Giorgio Mammoliti’s alarmist rantings on gun violence and crime are well-known. He wants to call in the army. The Toronto councillor has built a political career on pitting homeowners in his west end ward, which includes the Jane-Finch area, against lower-income folks who occupy social housing.

But with municipal elections around the corner – and his right-wing buddy Doug Ford now in the Premier’s office – Mammoliti’s angry diatribes have reached a new low.

Council’s biggest mouth is calling for the tearing down of social housing and likening those on social assistance in his ward to “cockroaches” that need to be scattered. Last week, in a campaign-style ad released on his Facebook page, Mammoliti pledged to take a sledgehammer to social housing himself.

“Saving our community begins with knocking down social housing,” the ad reads. “You deserve better.”

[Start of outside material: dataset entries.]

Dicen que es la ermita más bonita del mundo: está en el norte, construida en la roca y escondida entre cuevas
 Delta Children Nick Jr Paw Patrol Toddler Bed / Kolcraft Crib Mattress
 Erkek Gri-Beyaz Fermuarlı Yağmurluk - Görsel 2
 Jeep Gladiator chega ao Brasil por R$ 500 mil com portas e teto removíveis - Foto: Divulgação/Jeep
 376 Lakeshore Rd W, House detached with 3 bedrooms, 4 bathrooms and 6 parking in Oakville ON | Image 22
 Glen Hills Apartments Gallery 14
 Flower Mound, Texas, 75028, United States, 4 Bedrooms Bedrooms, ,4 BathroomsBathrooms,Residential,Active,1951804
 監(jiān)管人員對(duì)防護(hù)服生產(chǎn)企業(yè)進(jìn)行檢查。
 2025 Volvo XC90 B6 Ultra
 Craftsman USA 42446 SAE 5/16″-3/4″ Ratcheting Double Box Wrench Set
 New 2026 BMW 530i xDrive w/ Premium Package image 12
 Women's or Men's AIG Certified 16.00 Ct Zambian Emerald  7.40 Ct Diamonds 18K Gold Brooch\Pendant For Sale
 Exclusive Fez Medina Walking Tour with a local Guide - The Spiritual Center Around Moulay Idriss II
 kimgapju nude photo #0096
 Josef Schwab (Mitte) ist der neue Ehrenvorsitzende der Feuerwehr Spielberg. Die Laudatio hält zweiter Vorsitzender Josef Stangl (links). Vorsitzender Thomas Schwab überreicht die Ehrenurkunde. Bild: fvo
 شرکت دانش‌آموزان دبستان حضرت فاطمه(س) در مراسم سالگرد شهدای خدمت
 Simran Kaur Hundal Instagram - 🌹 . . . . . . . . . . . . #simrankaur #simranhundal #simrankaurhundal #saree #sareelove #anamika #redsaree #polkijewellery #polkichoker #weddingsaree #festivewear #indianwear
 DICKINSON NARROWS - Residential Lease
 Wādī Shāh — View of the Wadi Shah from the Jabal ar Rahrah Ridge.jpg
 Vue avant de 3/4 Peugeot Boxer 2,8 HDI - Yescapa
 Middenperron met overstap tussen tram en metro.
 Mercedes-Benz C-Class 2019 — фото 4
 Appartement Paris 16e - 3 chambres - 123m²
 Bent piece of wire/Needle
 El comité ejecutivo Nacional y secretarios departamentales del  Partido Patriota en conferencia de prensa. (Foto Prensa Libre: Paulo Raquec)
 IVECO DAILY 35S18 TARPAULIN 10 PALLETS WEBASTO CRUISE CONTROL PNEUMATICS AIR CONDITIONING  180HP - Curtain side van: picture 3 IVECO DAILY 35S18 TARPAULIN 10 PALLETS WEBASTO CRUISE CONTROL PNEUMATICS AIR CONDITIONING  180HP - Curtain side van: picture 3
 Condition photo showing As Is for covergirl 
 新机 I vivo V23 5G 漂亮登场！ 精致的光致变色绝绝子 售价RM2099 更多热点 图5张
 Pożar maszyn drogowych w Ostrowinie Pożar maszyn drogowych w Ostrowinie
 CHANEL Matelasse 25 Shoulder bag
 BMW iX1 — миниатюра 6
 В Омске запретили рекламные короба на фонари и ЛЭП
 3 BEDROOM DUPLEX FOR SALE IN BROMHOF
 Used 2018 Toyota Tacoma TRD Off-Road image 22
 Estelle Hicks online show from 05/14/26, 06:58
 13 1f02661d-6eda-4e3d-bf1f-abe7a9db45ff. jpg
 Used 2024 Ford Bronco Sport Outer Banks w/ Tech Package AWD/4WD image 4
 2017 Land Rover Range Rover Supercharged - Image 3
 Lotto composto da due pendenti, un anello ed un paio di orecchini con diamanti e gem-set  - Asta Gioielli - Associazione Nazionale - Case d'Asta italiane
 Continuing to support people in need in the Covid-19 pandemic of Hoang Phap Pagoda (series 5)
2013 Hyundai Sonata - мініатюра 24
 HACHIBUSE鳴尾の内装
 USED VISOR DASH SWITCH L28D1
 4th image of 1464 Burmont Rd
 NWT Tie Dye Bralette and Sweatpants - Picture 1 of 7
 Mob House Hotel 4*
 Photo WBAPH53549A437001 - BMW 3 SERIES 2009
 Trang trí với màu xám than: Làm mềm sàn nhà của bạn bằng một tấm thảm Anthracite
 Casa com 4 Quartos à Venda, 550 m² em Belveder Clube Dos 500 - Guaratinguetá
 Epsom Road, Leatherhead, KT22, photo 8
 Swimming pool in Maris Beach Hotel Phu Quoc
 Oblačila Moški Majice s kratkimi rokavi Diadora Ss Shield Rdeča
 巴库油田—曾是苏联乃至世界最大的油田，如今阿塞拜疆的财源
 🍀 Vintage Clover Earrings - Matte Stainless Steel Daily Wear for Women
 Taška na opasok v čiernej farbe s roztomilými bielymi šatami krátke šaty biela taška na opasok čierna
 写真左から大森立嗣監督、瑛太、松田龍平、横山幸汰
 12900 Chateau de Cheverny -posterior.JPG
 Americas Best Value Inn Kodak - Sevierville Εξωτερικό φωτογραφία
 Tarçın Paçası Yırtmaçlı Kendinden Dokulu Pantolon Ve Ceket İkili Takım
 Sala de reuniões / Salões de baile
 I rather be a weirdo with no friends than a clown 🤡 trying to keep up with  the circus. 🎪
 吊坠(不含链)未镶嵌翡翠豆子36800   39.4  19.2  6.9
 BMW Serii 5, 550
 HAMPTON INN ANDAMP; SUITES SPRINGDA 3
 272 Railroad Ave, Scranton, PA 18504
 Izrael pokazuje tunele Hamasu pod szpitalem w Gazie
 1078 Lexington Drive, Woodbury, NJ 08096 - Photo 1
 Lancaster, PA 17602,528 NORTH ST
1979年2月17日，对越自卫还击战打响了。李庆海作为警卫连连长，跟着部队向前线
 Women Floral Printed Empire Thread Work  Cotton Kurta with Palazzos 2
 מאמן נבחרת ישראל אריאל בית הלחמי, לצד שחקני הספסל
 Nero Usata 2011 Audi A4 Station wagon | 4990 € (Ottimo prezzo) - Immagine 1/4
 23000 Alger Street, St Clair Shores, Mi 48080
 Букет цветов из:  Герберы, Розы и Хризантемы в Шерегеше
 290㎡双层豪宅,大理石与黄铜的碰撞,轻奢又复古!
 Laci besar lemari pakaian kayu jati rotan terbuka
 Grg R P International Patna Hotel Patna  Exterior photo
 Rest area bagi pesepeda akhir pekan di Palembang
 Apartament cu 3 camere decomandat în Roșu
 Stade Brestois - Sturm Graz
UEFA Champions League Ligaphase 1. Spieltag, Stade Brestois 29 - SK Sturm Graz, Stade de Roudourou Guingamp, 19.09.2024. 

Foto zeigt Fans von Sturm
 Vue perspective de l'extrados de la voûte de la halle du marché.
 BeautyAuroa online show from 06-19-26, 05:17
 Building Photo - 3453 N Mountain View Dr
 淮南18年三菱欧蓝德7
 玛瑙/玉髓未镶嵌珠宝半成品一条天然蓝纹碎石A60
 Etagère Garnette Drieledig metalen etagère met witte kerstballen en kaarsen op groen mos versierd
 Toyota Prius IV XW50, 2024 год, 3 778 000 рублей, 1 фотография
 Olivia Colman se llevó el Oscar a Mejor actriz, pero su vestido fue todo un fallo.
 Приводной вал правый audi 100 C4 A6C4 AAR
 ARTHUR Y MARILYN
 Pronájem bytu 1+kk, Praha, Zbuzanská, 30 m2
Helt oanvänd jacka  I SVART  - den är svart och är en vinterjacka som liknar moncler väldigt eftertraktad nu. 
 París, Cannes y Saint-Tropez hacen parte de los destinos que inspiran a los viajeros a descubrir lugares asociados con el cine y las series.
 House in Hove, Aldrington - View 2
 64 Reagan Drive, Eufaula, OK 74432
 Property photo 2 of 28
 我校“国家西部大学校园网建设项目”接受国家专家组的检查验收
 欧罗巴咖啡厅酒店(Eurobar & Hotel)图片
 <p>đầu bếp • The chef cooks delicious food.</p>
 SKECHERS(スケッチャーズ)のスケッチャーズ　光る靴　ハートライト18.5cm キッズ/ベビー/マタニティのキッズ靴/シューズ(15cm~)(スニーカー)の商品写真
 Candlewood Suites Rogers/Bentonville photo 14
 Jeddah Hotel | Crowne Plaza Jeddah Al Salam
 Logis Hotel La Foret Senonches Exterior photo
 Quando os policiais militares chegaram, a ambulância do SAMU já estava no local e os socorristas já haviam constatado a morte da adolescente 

In an op-ed piece penned for the Toronto Sun in July, he offers some of his police state-style solutions to the recent spike in gun violence, which are described as tough-love initiatives – including bringing back the practice of carding by police. And dares “the usual social warrior activists and professional grant getters that feed off the misery of these neighbourhoods” to call him a racist.

Alright, then. Let’s put Mammoliti’s pronouncements, past and present, up against the Ontario Human Rights Commission’s (OHRC) definition of racism, racial discrimination and systemic racism.

“Race is a social construct. This means that society forms ideas of race based on geographic, historical, political, economic, social and cultural factors, as well as physical traits, even though none of these can be used to justify racial superiority or racial prejudice.”

While claiming to be proud to have grown up in Jane-Finch, Mammoliti trades in some of the worst stereotypes surrounding the area. He defended, for example, Minister of Community Safety and Corrections Michael Tibollo’s decision to wear a bulletproof vest during a ride-along with police in the neighbourhood shortly after a double shooting. Mammoliti responded to criticism of Tibollo by going out on a ride-along of his own wearing a bulletproof vest.

I also grew up in Jane-Finch, and somehow made it out alive without ever donning kevlar or taking a police escort. Thousands of people, some very successful like Jully Black and Dwight Drummond, have made it out of the neighbourhood without becoming, as described by Minister Tibollo, “bullet-ridden people in the middle of the night.”

The dehumanization of a community of racialized people by two privileged white men acting like war reporters in a militarized zone smacks of racism.

“Racism is a broader experience and practice than racial discrimination. Racism is a belief that one group is superior to others. Racism can be openly displayed in racial jokes, slurs or hate crimes. It can also be more deeply rooted in attitudes, values and stereotypical beliefs. In some cases, people don’t even realize they have these beliefs. Instead, they are assumptions that have evolved over time and have become part of systems and institutions, and also associated with the dominant group’s power and privilege.”

The Jane-Finch area falls within the low to medium range for violent crime in the city. The majority of violence-related calls to police occur in the downtown core. Yet the downtown area only receives a fraction of the crime-related news coverage as Jane-Finch.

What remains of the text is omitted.